I was able to get up early today and get out at 5:30 and make good miles all day so now I am exactly 20 miles from Sierra City, where I have a resupply package waiting. The store closes at 6 PM so I need to get an early start tomorrow so I can reach the store before they close.
The night up on the ridge in the trees was a little breezy and I woke up alot through the night but I was warm and toasty with the down jacket on. I was able to eat and pack up in just thirty minutes which helped for the 5:30 start. The moon was out all night and almost full, so it was hard to tell what time it was throughout the night.
My heels were stiff and sore for the first fifteen minutes of hiking, which is normal. The trail was a little rocky, so it made it that much slower. There was another ski area that we skirted under as the trail made its way towards Donner pass. Around the ski area, the trail was nice and wooded. On the slopes themselves, it always seems to get rocky with big rocks. I guess with enough snow you have no clue what’s underneath.
The last mile to Donner pass was very rocky and had lots of switchbacks. I remember many years ago taking the California Zephyr from Denver to Oakland and it went right through Truckee and the road at Donner pass goes into Truckee. I was excited to be able to cross the tracks I once rode. I could hear a train in the distance, but I could never see it.

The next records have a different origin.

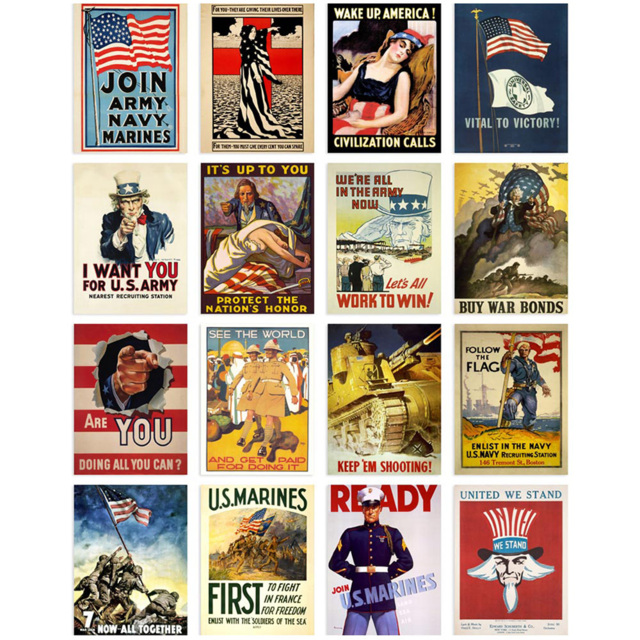 Artery8 World War 2 USA Military Recruitment Wall Art Print 30 x 41cm 16 Pack - Size: 40.5 x 30.5 x 0.3cm - Multi - Wilko - image 1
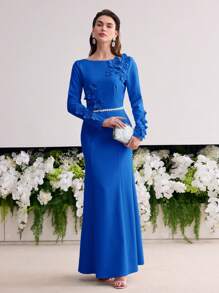 MOTF Soiréza 贴花细节纯色美人鱼下摆长裙（无腰带） - 寶藍色 - 查看 3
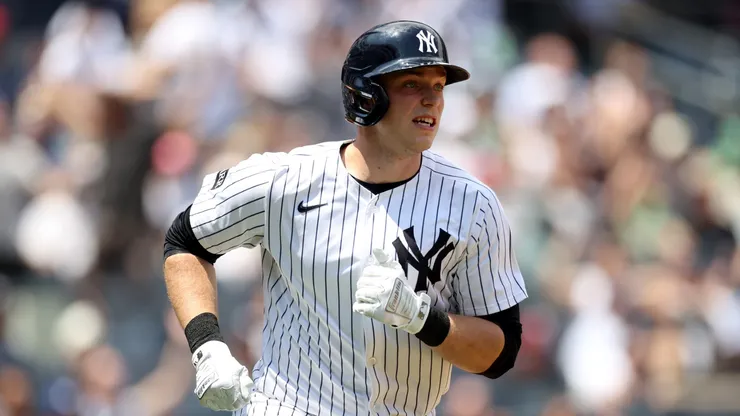Ben Rice #22 of the New York Yankees rounds the bases following his second inning solo home run against the Baltimore Orioles at Yankee Stadium on June 21, 2025 in New York City.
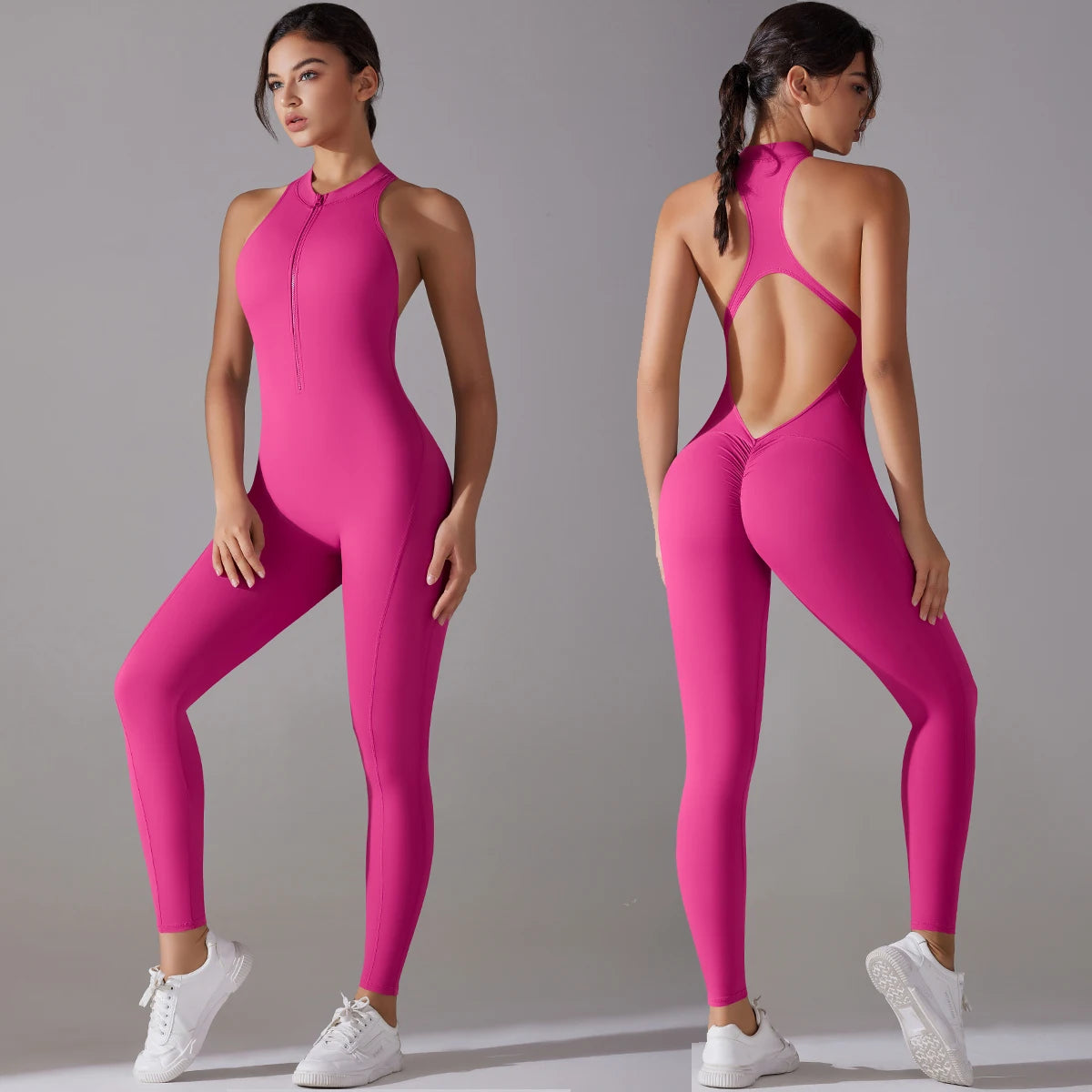 Backless Scrunch Fitness Jumpsuit | High-Stretch Nylon, Zipper Closure, Hollow Out Design, All-Season Comfort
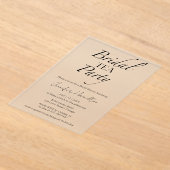 Invitations En Acrylique Thé de mariée | Fête des mariées noire et blanche (Poser)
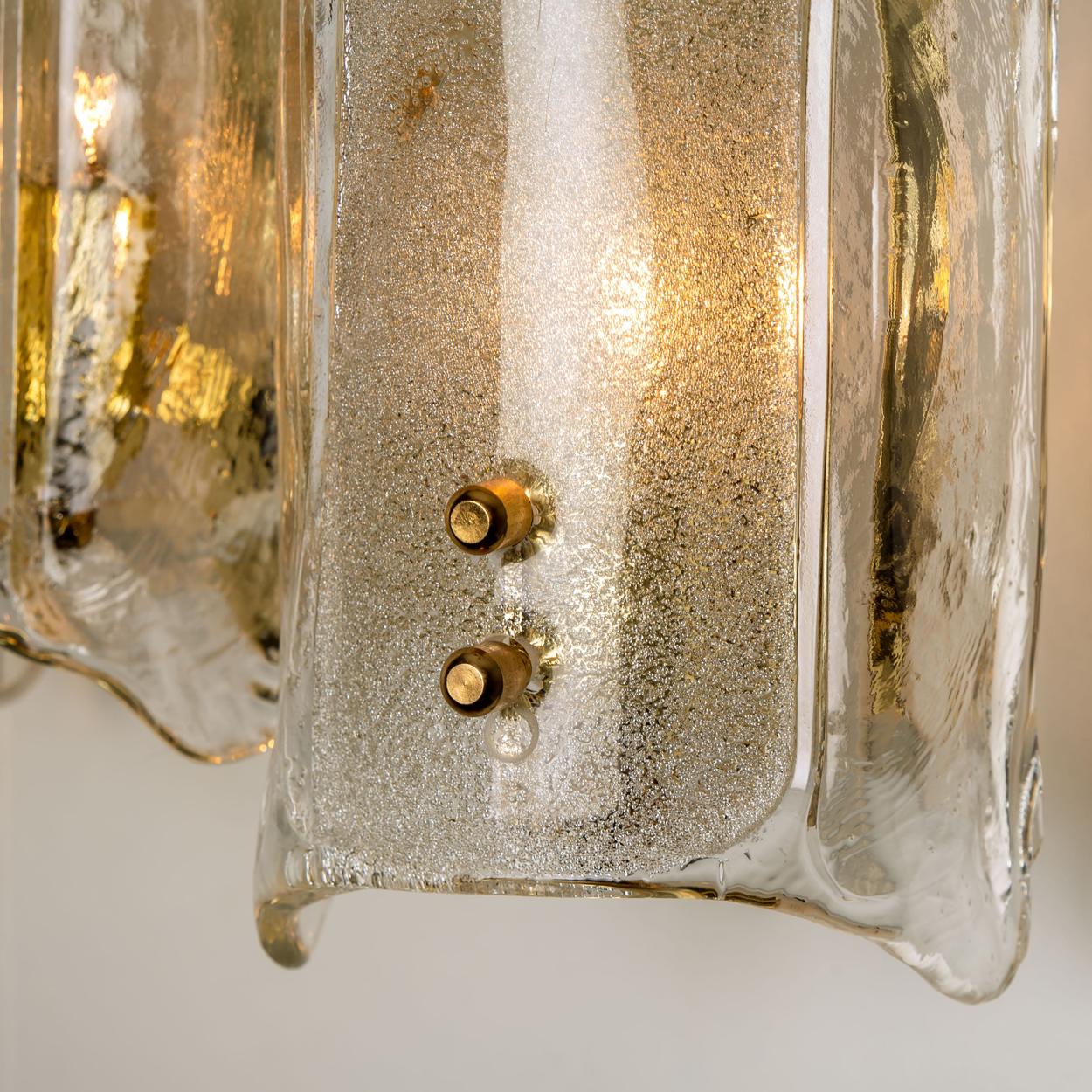 German Pair of Extra Large Massive Glass Wall Sconces in the Style of Kalmar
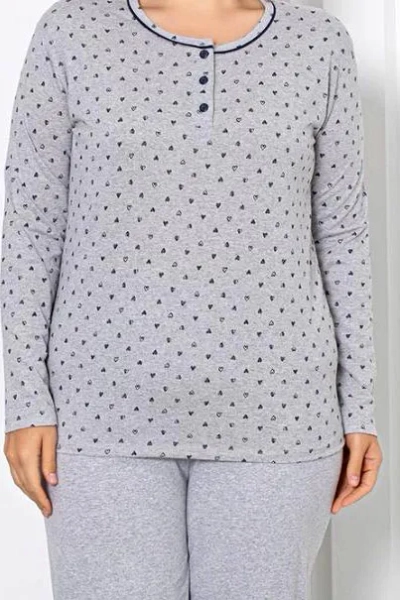 Ensemble de pyjama en coton pour femmes Royalfashion en 2 pièces avec cœurs GRANDE TAILLE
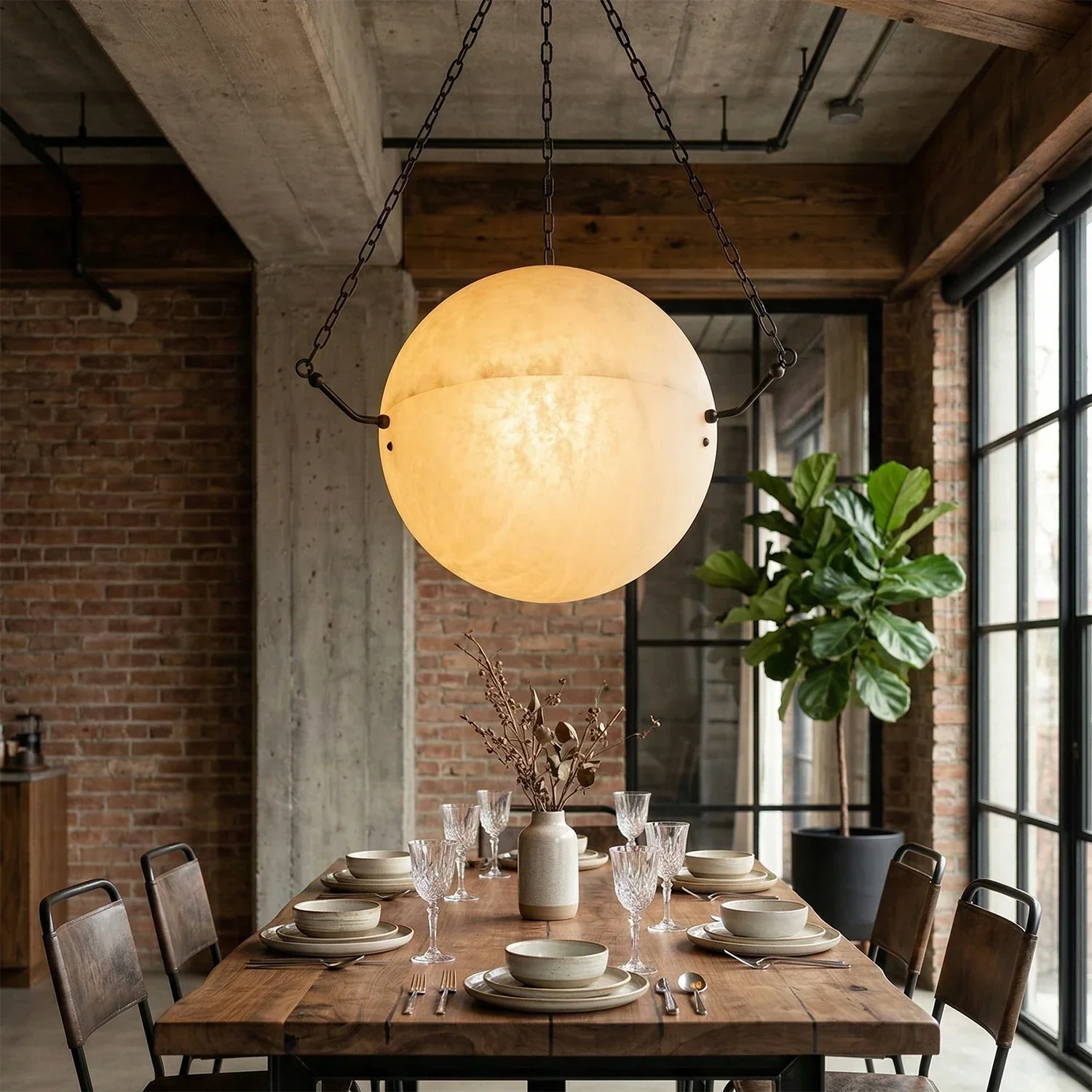 Aurelia Alabaster Sphere Suspension Pendant | wildoxy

When I got down to the road, there was a parking area packed with cars of day hikers. I had seen ten or so on the way down, but this was more cars than for ten people. They must be on other trails. Lots of people running on the trails here, too. There was another PCT hiker there trying to hitch into Soda Springs which is the other direction than Truckee. I tried talking to him, but he was Japanese and did not speak much English. I saw him on trail thirty minutes later, so I guess he gave up on going into town. Some day I’d like to go into Truckee and check it out.
While I was down on the road, I got so hungry, I felt like eating my arm off. OK, so that’s bad Donner pass humor. But seriously, compared to the other passed I have seen in the last few weeks, Donner pass seemed like it would be a piece of cake to navigate. There’s a huge lake nearby and it’s not that steep or high. I’ll have to review the history of the Donner party to see what other contributing factors led to their demise. Homework for after the trip.
As I ascended out of the pass, I saw a car on a pullout of the road with a whole pile of gear on the ground. It took me a while to figure out it was climbing gear. I looked above me and the rocks there did indeed look like good climbing. I also noticed there were no railroad tracks in sight. How could I have missed them? I looked at the map and it showed them clearly and showed them on the south side of the road. I had already crossed them, but I never saw them. Then it dawned on me. The train passes Donner pass in a tunnel. I probably walked 200 ft above them and never knew it. As I looked across the pass, I noticed the track and saw the snow sheds that I remember in the area. And sure enough, the track disappeared into the mountain I just hiked over. I was a little disappointed that I didn’t get to walk across them.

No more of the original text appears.